BEGIN GIVEN DATA

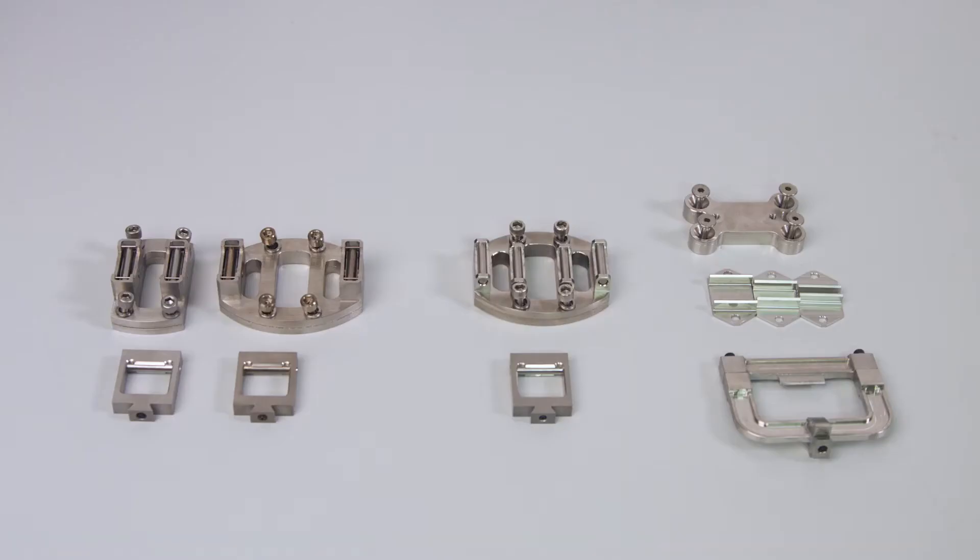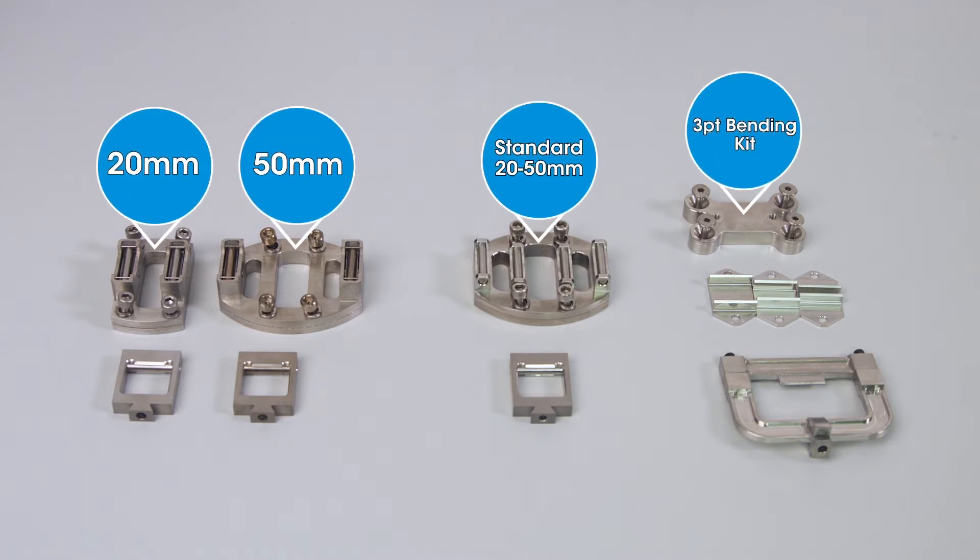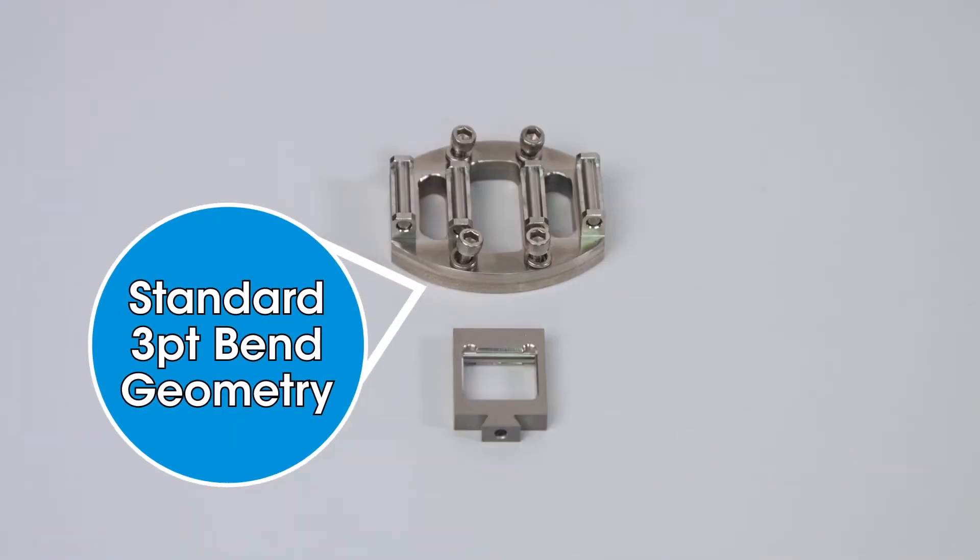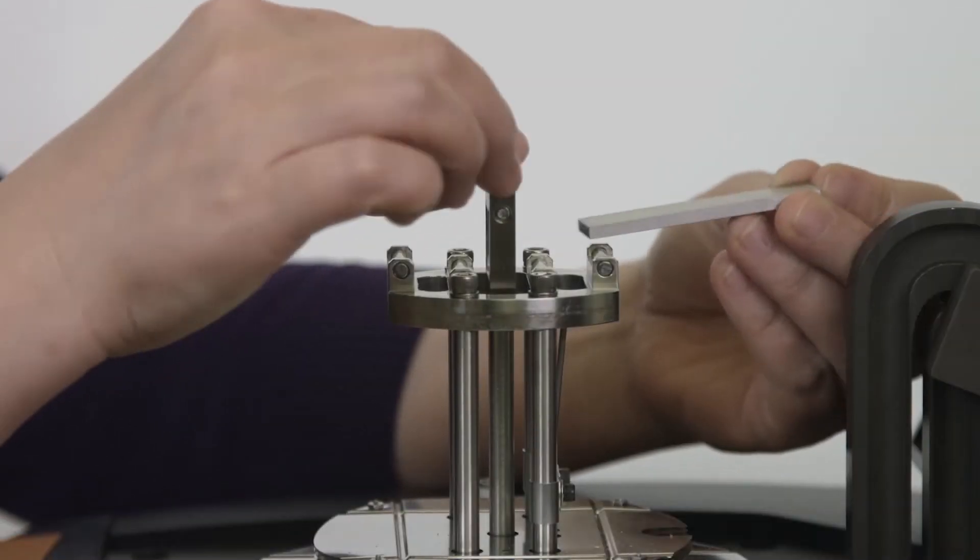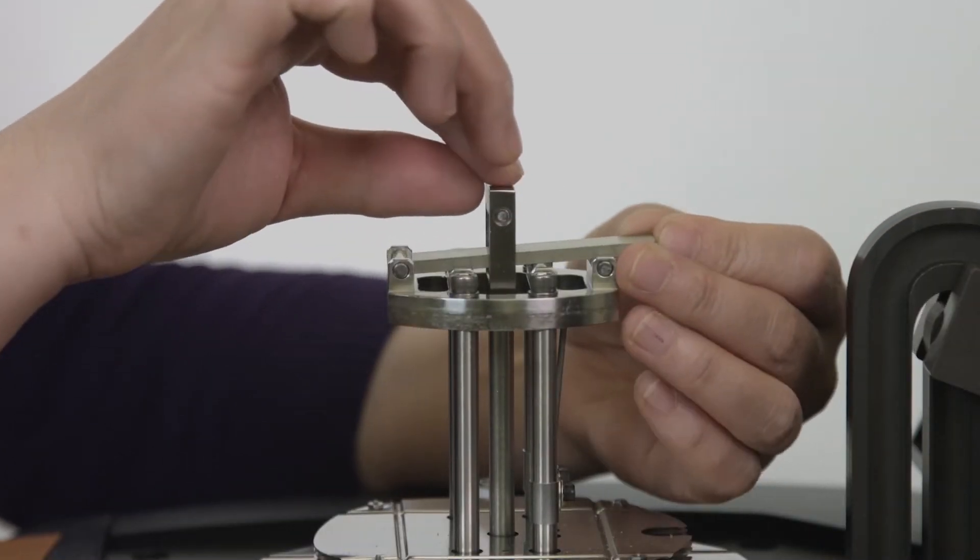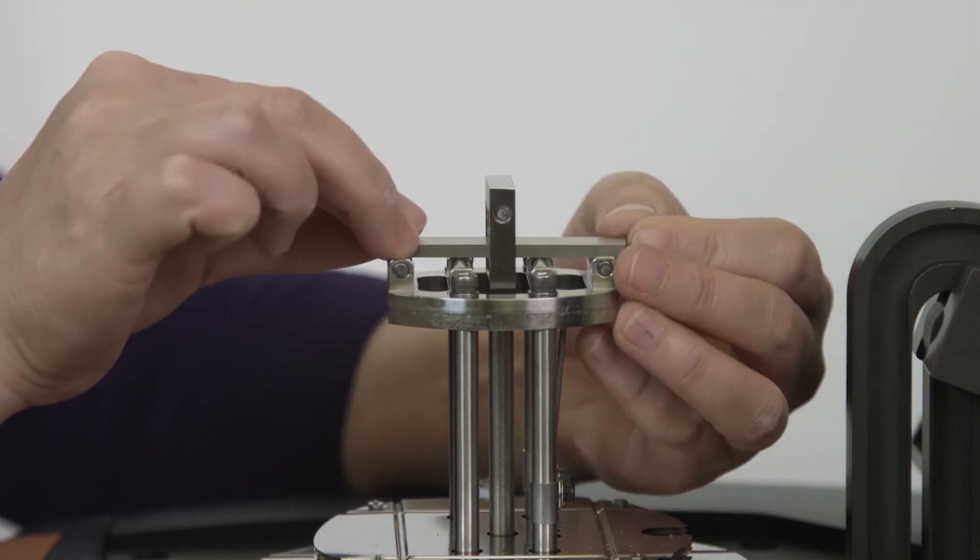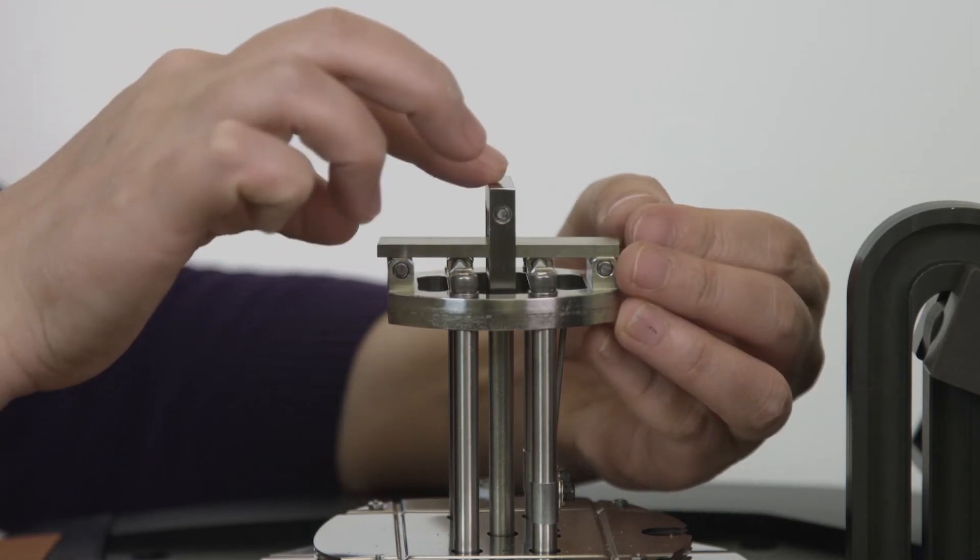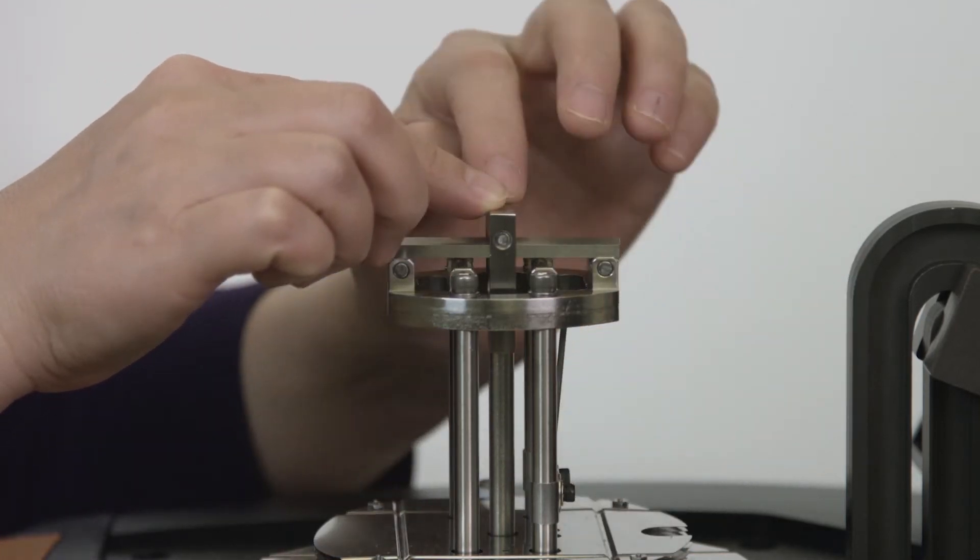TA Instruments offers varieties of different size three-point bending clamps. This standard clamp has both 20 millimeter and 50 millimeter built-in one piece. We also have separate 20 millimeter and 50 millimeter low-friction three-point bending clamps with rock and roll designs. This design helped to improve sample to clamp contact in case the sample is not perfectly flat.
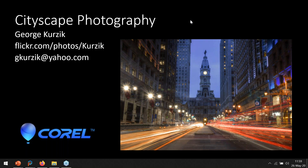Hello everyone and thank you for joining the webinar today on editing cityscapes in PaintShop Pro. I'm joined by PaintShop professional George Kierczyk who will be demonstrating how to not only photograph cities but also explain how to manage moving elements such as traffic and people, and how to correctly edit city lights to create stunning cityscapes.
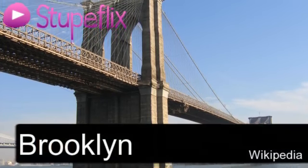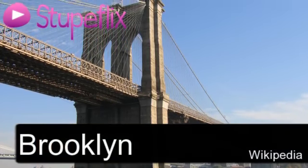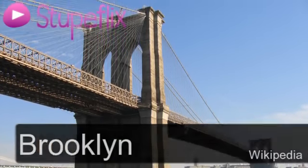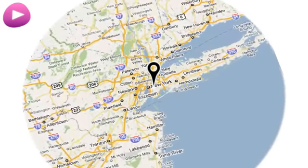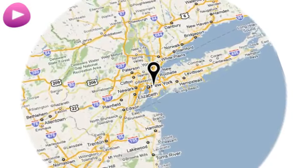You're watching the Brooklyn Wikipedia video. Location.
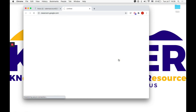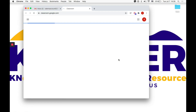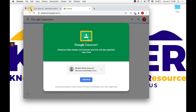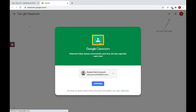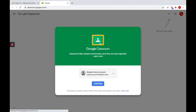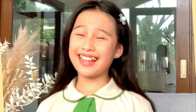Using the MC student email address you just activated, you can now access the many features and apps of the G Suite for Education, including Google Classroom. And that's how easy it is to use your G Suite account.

END GIVEN DATA

### YOUR GOAL
Please reproduce all the material exactly. Pictures stay out of the copy.

### ANSWER SPACE
TA Instruments offers varieties of different size three-point bending clamps. This standard clamp has both 20 millimeter and 50 millimeter built-in one piece. We also have separate 20 millimeter and 50 millimeter low-friction three-point bending clamps with rock and roll designs. This design helped to improve sample to clamp contact in case the sample is not perfectly flat.
Hello everyone and thank you for joining the webinar today on editing cityscapes in PaintShop Pro. I'm joined by PaintShop professional George Kierczyk who will be demonstrating how to not only photograph cities but also explain how to manage moving elements such as traffic and people, and how to correctly edit city lights to create stunning cityscapes.
You're watching the Brooklyn Wikipedia video. Location.
Using the MC student email address you just activated, you can now access the many features and apps of the G Suite for Education, including Google Classroom. And that's how easy it is to use your G Suite account.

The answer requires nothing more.